A common occurrence in a university setting is the oral defense of a thesis or dissertation and the subsequent publication and indexing of the thesis or dissertation in a library. Although publication of a thesis or dissertation can be “embargoed,” i.e., delayed for a certain period of time, whether the oral defense constitutes a “printed publication” also must be considered. The courts have issued several decisions related to whether a thesis or dissertation, as well as other references in a library, constitute a printed publication.

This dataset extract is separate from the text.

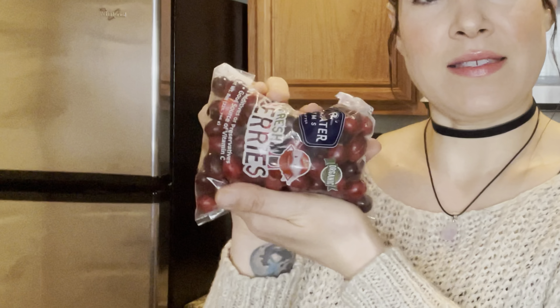Hey guys, and welcome back to another low-budget cooking video, your fave. Today's video is going to be centered around this sad little half-used bag of cranberries left over from the holidays, if I'm being honest.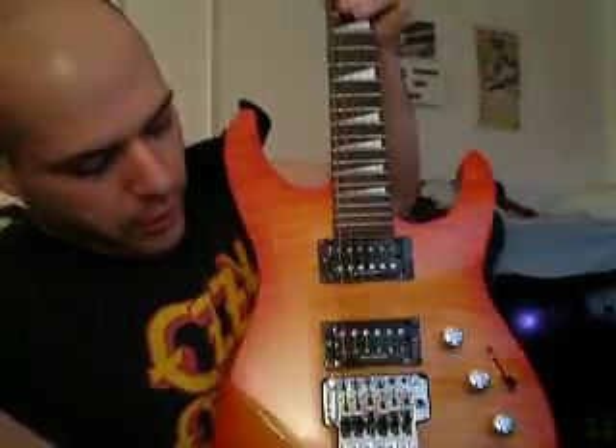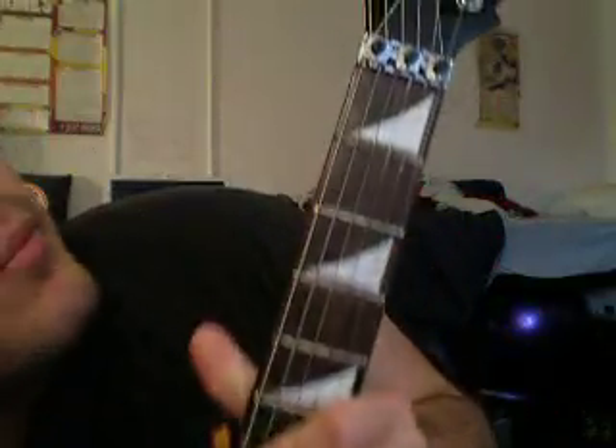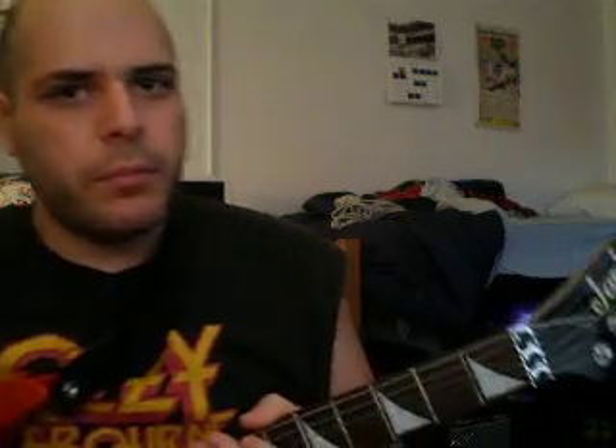This guitar has, as you know, a tremolo on it. So it also has these little bad boys down here — tuning lock. To tune this type of guitar, you need one of these: the Allen wrench. The Allen wrench is a nifty little product. You put it in, loosen the bolt, and now we can tune.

This is the third post in our series examining what constitutes a “printed publication.” Our first post provided an introduction and summary of the statutory basis for printed publications under 35 U.S.C. § 102 and our second post examined whether patents and published patent applications can be printed publications. These posts can be viewed here: What Constitutes a Printed Publication – Introduction and Statutory Basis – Part 1; What Constitutes a Printed Publication – Patents and Published Patent Applications – Part 2
In In re Bayer, 568 F.2d 1357 (CCPA 1978), the reference was a master’s thesis defended before a faculty committee and received by a university library before the critical date of the patent in dispute. In this case, the patent examiner initially took the position that the thesis was available as a reference as of its date of receipt by the library and further contended that the thesis defense before the committee consisting of an adviser and two other faculty members, which occurred prior to the submission of the thesis to the library, constituted an announcement to the scientific community, at least to the University, that such subject matter was available by its title and its author. Id. at 1358. The court addressed whether an “uncatalogued, unshelved thesis, by virtue of its accessibility to the graduate committee, is a ‘publication’ within the meaning of 35 U.S.C. § 102(b).” Id. at 1359.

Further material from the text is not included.